Lillian Smith, Killers of the Dream, New York, 1963, p. 140.
On the fifteenth (January, 1820) we again arrived at the post of Osark, or as it is now not very intelligibly called, Arkansas, a name by far too easily confounded with that of the river, while the name Osark, still assumed by the 224 lower villagers of the Quapaws, and in memory of whom this place was first so called, which would have been perfectly intelligible and original.
It was to this Cherokee settlement that Sam Houston came in 1829, after his designation as Governor of Tennessee. By a special act of the Cherokee Council in 1829 at Tahlonteeskee, Houston was formally adopted into the tribe. He took an Indian wife and lived in the vicinity of Fort Gibson for several years.
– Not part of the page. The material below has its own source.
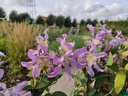 Clematis diversifolia 'East River'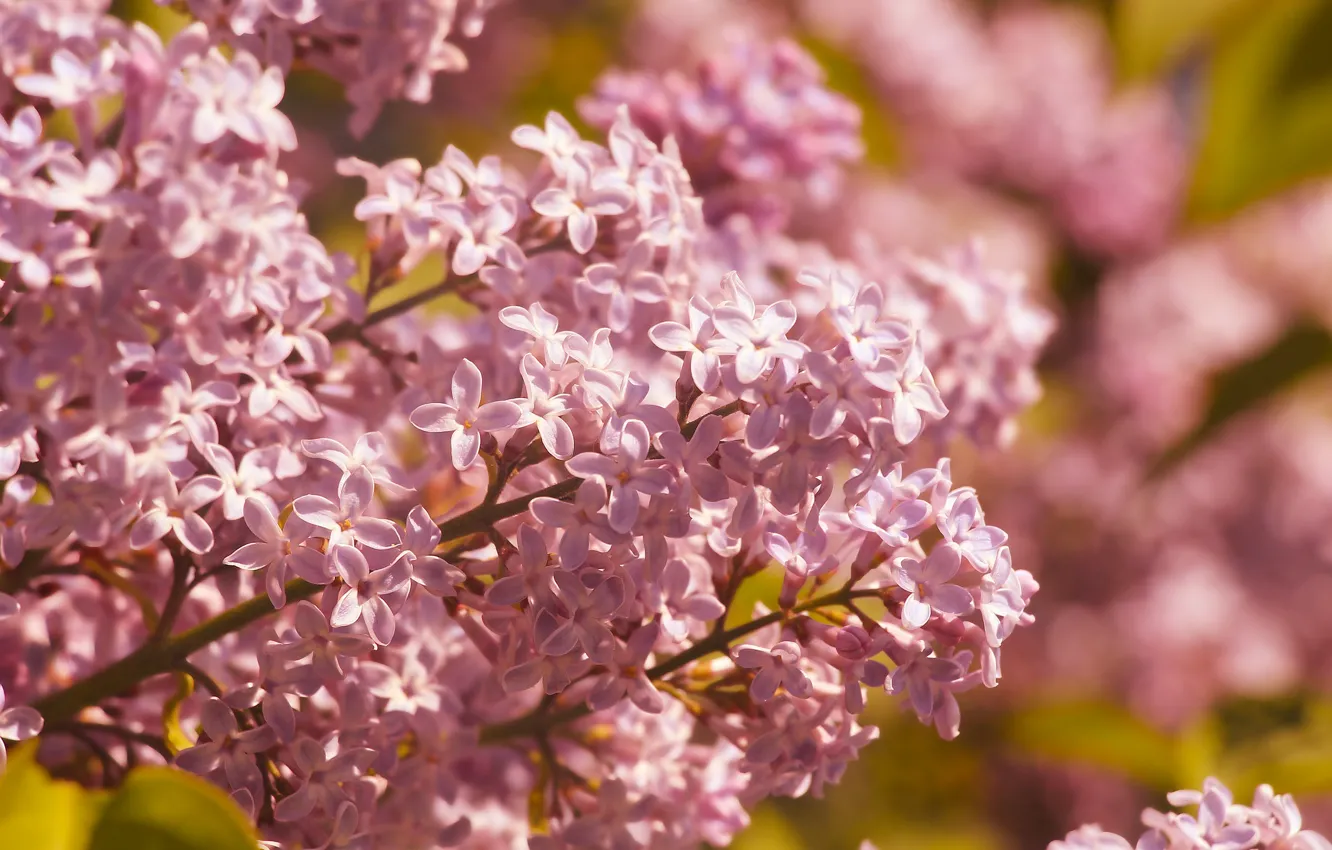 Photo wallpaper flower, spring, blooming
State 10 passes through a section dotted with the cabins of an isolated group of Indians. The majority of these people are full-blood Creeks who became members of the Cherokee tribe. While yet in their eastern homes, they opposed removal to the new Indian Territory and fled to the Cherokee Nation. Later, when the Cherokees were also forced to move, these adopted sons and daughters continued to live with them. Scattered among them are a few Natchez, members of a tribe usually regarded by ethnologists as extinct.
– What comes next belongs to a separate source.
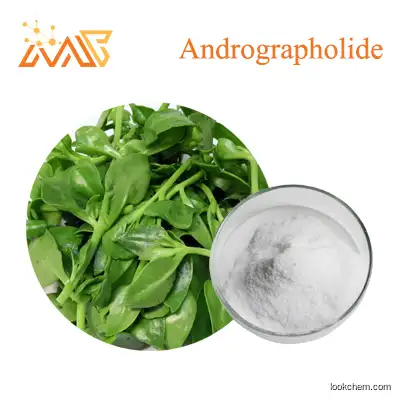 Supply Organic Andrographis Paniculata P.E Andrographolide 98%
At 1.0 is the junction with another asphalt road.
Leaving State 10, this road passes near the ruins of an old SALT WORKS on Saline Creek that operated in 1820. From the one hundred huge kettles of salt water kept boiling most of the time, the refined salt was taken to a warehouse just about the near-by falls, where it was stored until keel boats could carry it down the river to Arkansas and Louisiana.
Thwaites, “Early Western Travels, 1748-1840,” Cleveland, 1905, Nuttell’s Journal, p. 291.
The end of the threats of Indian raids did not bring peace to the Indian territory. Now there were other threats. Lawless bands rode to the Territory, which by now was a curious island in the nation’s expansion. The rugged terrain and the legal entanglements caused by the Indian’s treaty rights created a vacuum in law enforcement. Only the Western District Court at Fort Smith had jurisdiction over the crimes involving persons not subject to the tribal courts. Into this vacuum swarmed hordes of horse thieves, bandits, and fugitives from justice. A handful of US Deputy Marshalls and the tribal Light Horse struggled to keep order. This was the situation when Judge Isaac C. Parker arrived at Fort Smith in 1875. He brought to the Western District Court personal dedication, incorruptibility, and sympathy for the Indian. These qualities soon won him respect at Fort Smith and in the Territory. During his 21 years on the bench he saw more than 13,000 cases docketed in his court. More than 9000 defendants were convicted or pleaded guilty. Of these, 344 were tried for capitol offenses and 160 were sentenced to hang. Only 79 were hanged, but they were cited as “proof” of Parker’s severity. Few detractors took notice of the tremendous load of the Western District Court or to the savage nature of the crimes committed.
The Fort Smith National Historic Site, Fort Smith, Arkansas.
I don’t remember anymore. Was the man who looked like a crow the same as the hitch-hiker I saw just down the road from a sign saying WARNING: HITCH-HIKERS MAY BE ESCAPED CONVICTS?